Bless you, Charley Smith! Bless your stripey shirt and your $11 haircut and your transparent attempt to work your way into Delilah’s insane pants! Bless you for showing us a side of Mary Worth that we’ve never seen before — something bordering on flustered panic, as she sees her meddlee slipping out of her grasp and, in desperation, physically drags her to safety. I love the fact that Mary is continuing with the verbal niceties of a normal, polite conversation, despite the fact that she’s practically breaking her poor boarder’s wrist in a desperate attempt to save her from her own horny misjudgment. I’m pretty sure in the final panel she’s on the verge grabbing Charley’s phone number away from Delilah with her teeth and eating it to prevent the two of them from ever communicating again.

Gil Thorp, 7/10/09

This, on the other hand, I do not care for.

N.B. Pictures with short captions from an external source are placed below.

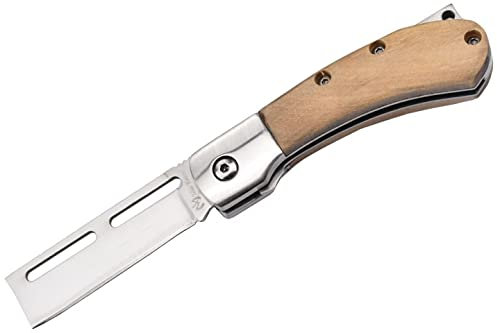 MAX KNIVES - P14OL - Lame acier 440C - Couteau de survie pour camping, chasse, pêche et randonnée - Couteau pliant manche olivier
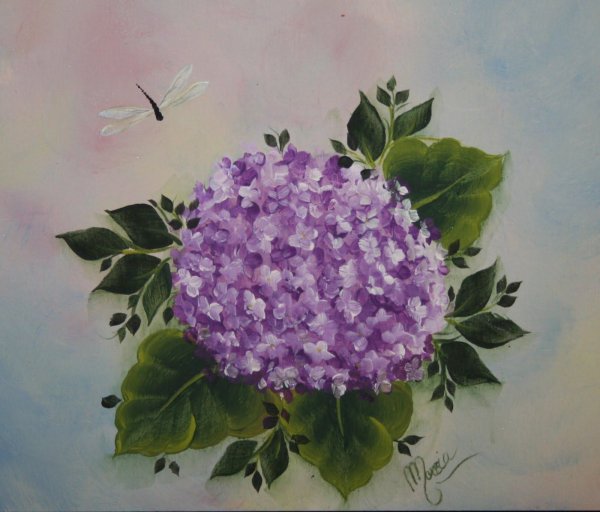 Гортензия двойным мазком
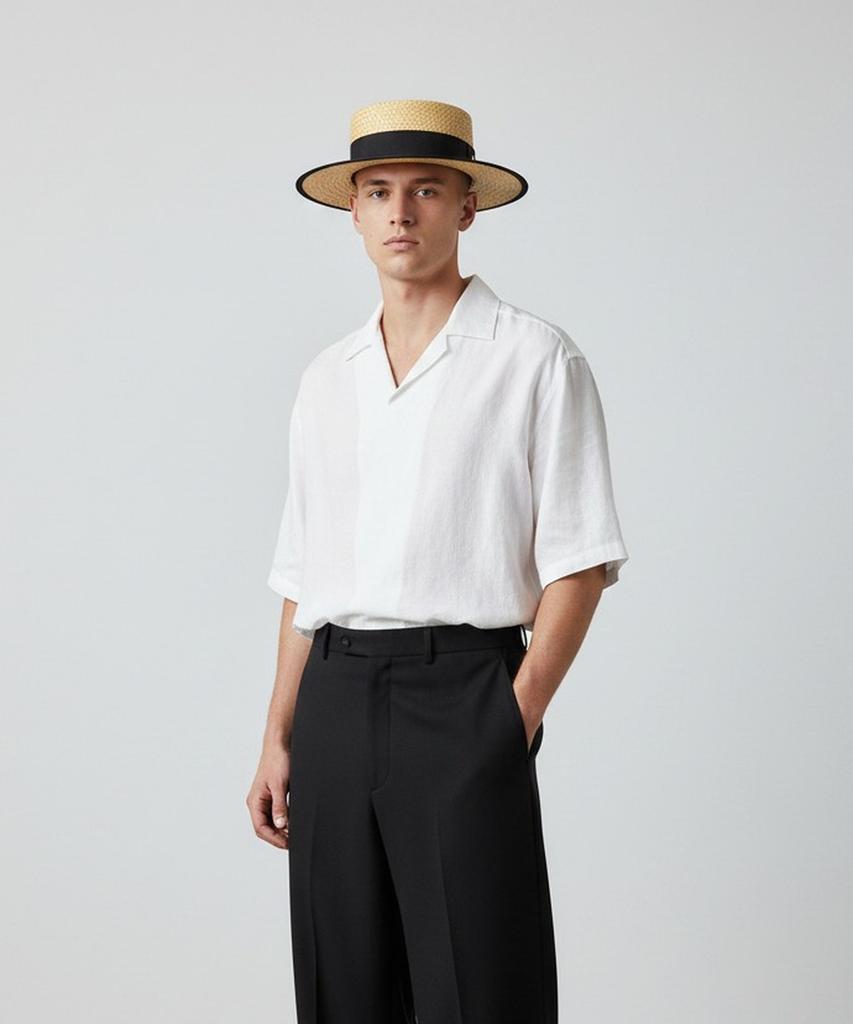 Yunibeosyeolkemiseuteuli Edge Taping Beige Long Panama Hat Panama Hat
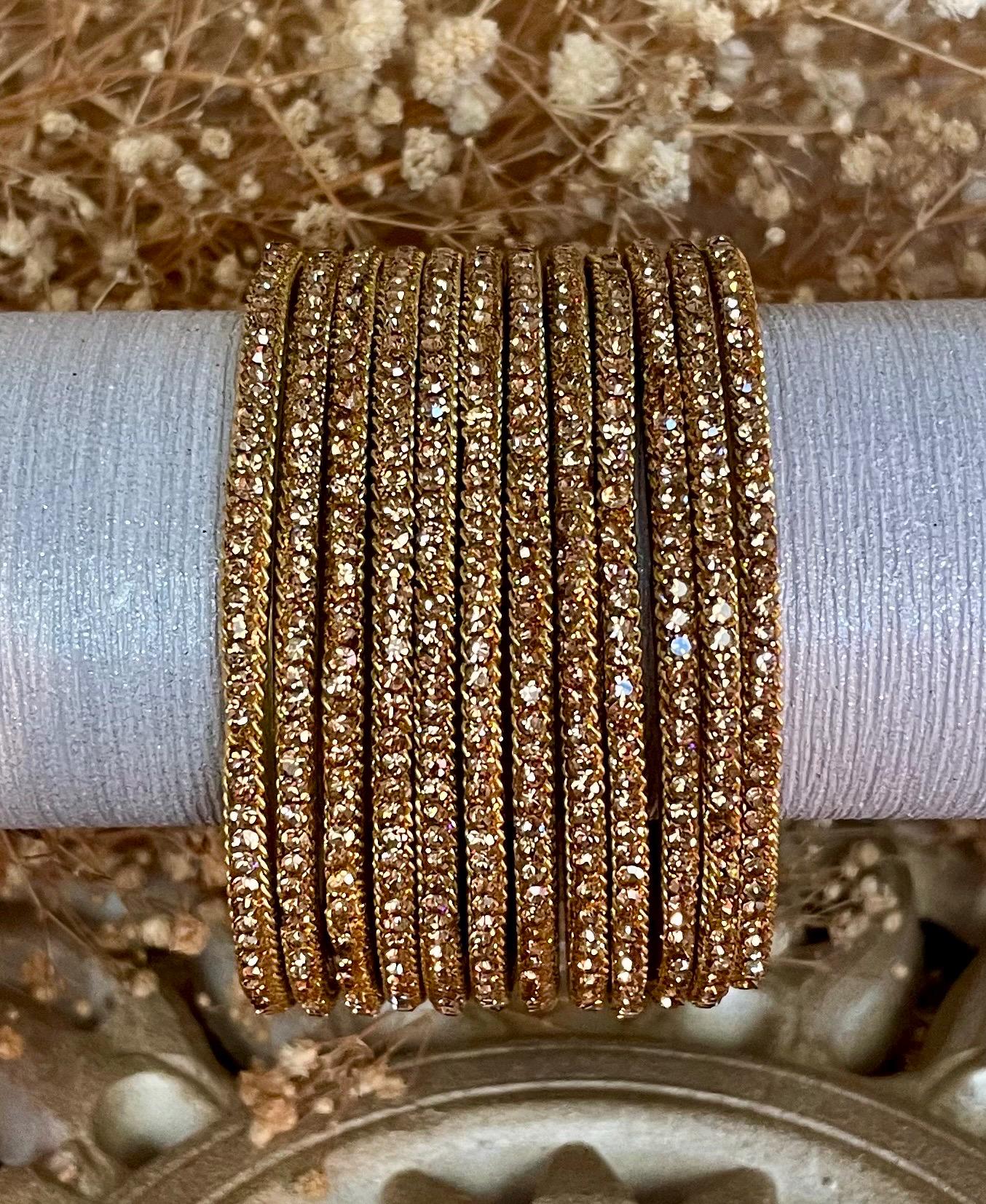 Glass Bangles encrusted with rhinestones and Golden chain on edges| Gold on Gold Stones | 12 Bangles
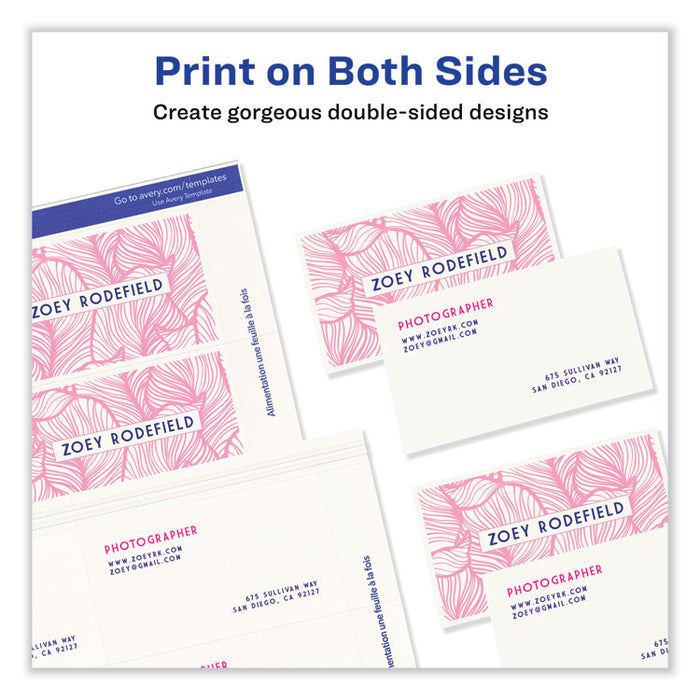 Printable Microperforated Business Cards with Sure Feed Technology, Inkjet, 2 x 3.5, White, 10/Sheet, 25 Sheets/Pack
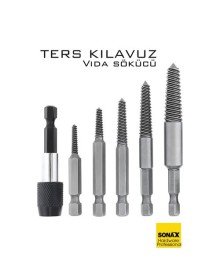 Bits Uzatmalı Ters Kılavuz 6 lı Set Saf Çelik Kırık Civata Vida Sökücü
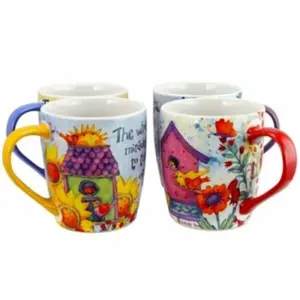 212 MAIN 18oz Classic Reusable Ceramic Mug Set - 4-Piece Assorted Designs (Birdhouse, Floral) for Coffee, Drinks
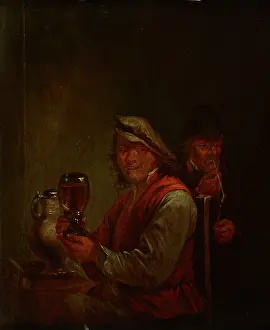 Wineglass Prints: Drinking Man and an Old Smoking Man, 1st half of 18th century. Creator: Unknown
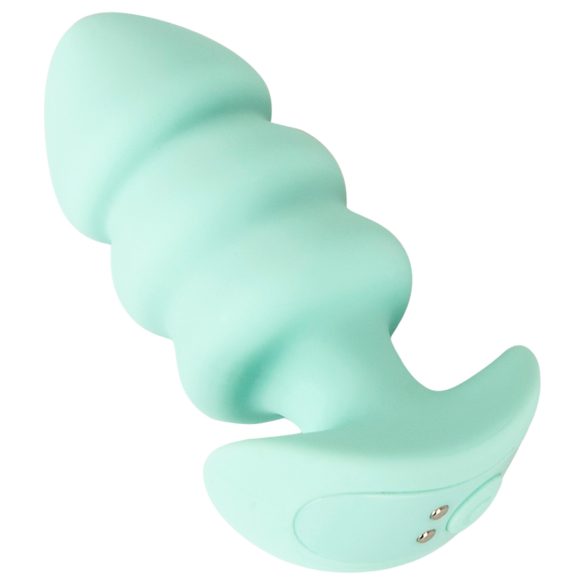 Cuties Mini - analplug med kugler - vibrator - grøn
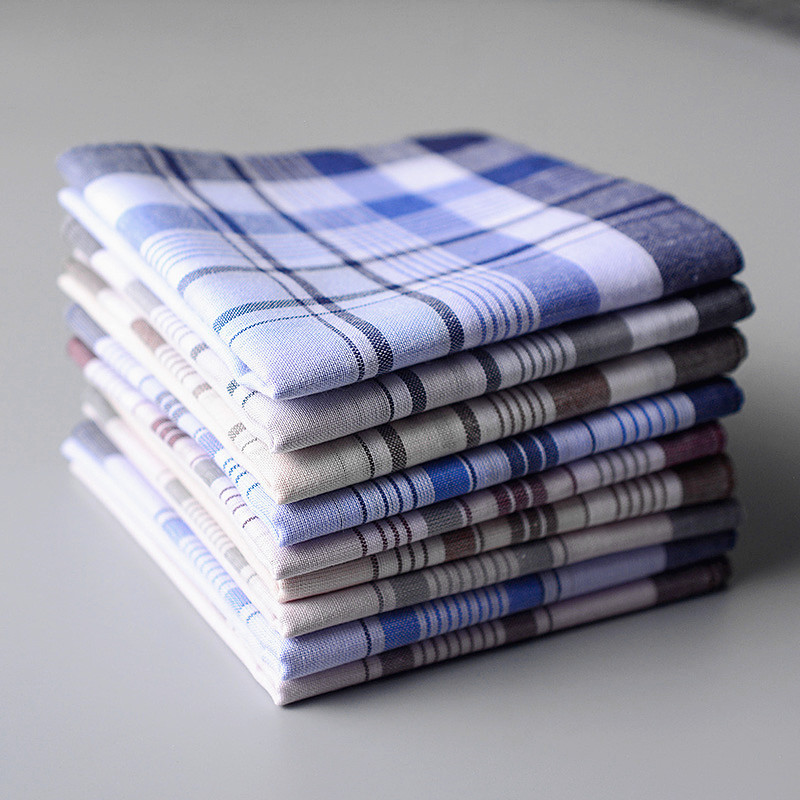 Handkerchief Cotton Men - 100% algodão lenço xadrez bolso quadrado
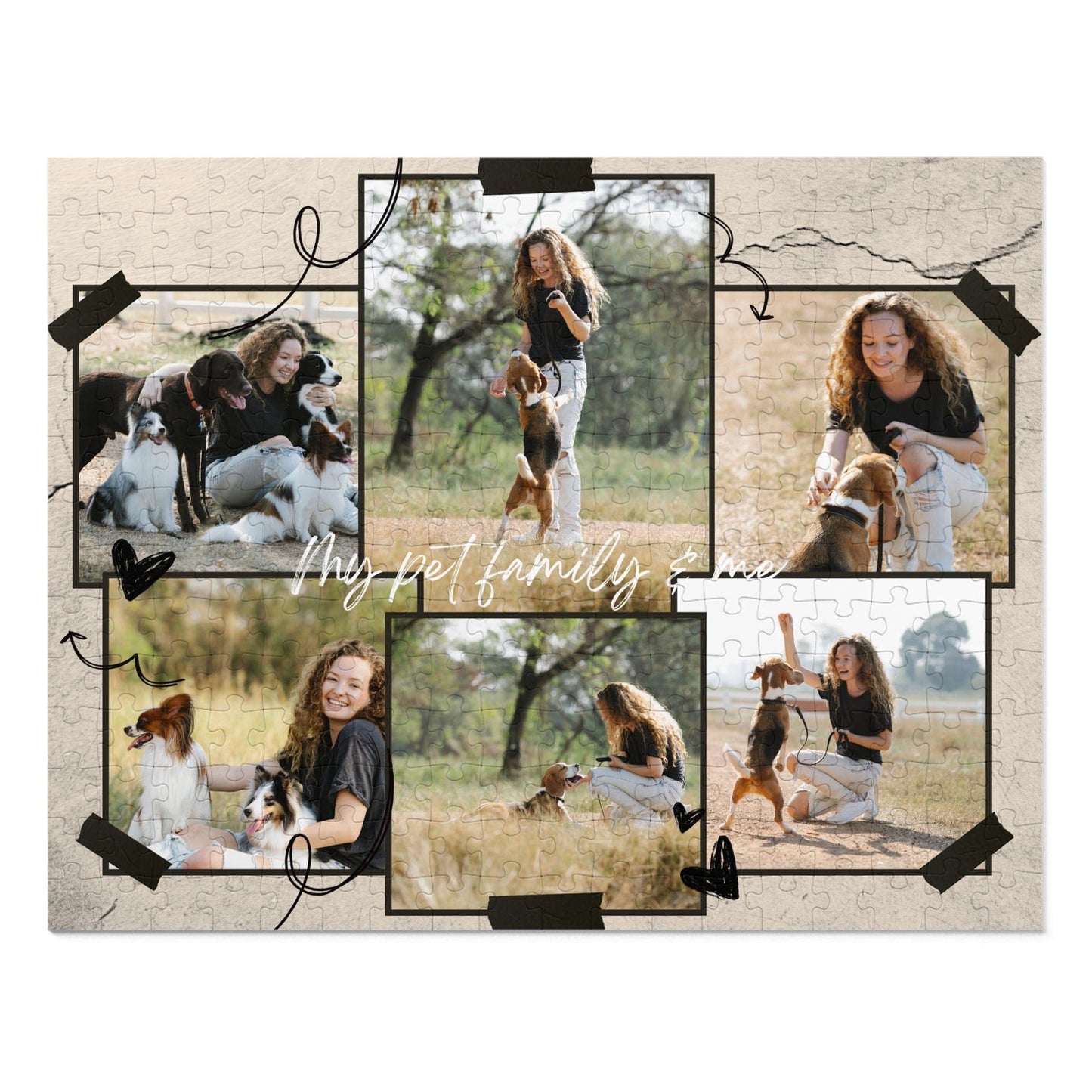 My Pet Family Custom Photo & Text Jigsaw Puzzle 1000/500/252/110 Pieces | Customized Gift for Pet Lovers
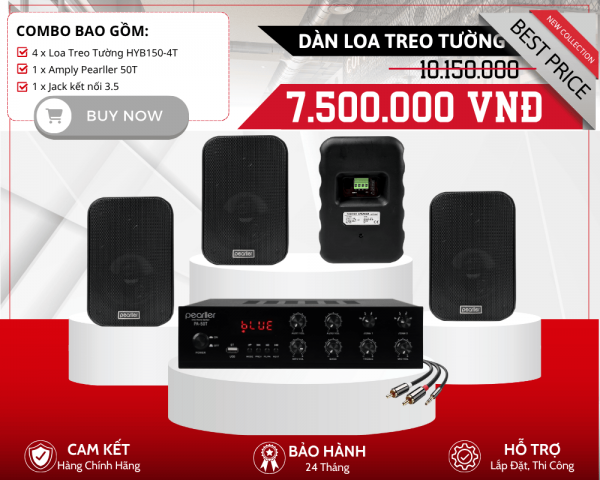 Combo Loa Nghe Nhạc Mini | 4 Loa Pearller HYB150-4T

You want Gil to coach baseball? Don’t you remember how boring that was during actual baseball season? The whole point of the summer storylines are to get away from that sort of thing. I suppose it might be acceptable if Gil is put in charge of a team of impoverished, ill-mannered youths with sassy mouths, and if an embittered Shep Trumbo comes to games dressed as a hobo just to harass them.

Apartment 3-G, 7/10/09

Even with all the Tibet-themed madness that’s been going on in this strip for months, if you had asked me what celebrity would make a special guest appearance in Apartment 3-G, the Dalai Lama would not have been my first guess. I don’t buy his claim that his English not so good — he’s deploying a semicolon, after all, which is at least an intermediate-level move. No, I think that the real reason for his quick exit is that’s he’s afraid to share narrative space with Margo, and with good reason. I imagine that the powerful combination of arousal and terror that anyone would feel in her presence would make it very difficult to maintain a Buddhist sense of non-attachment.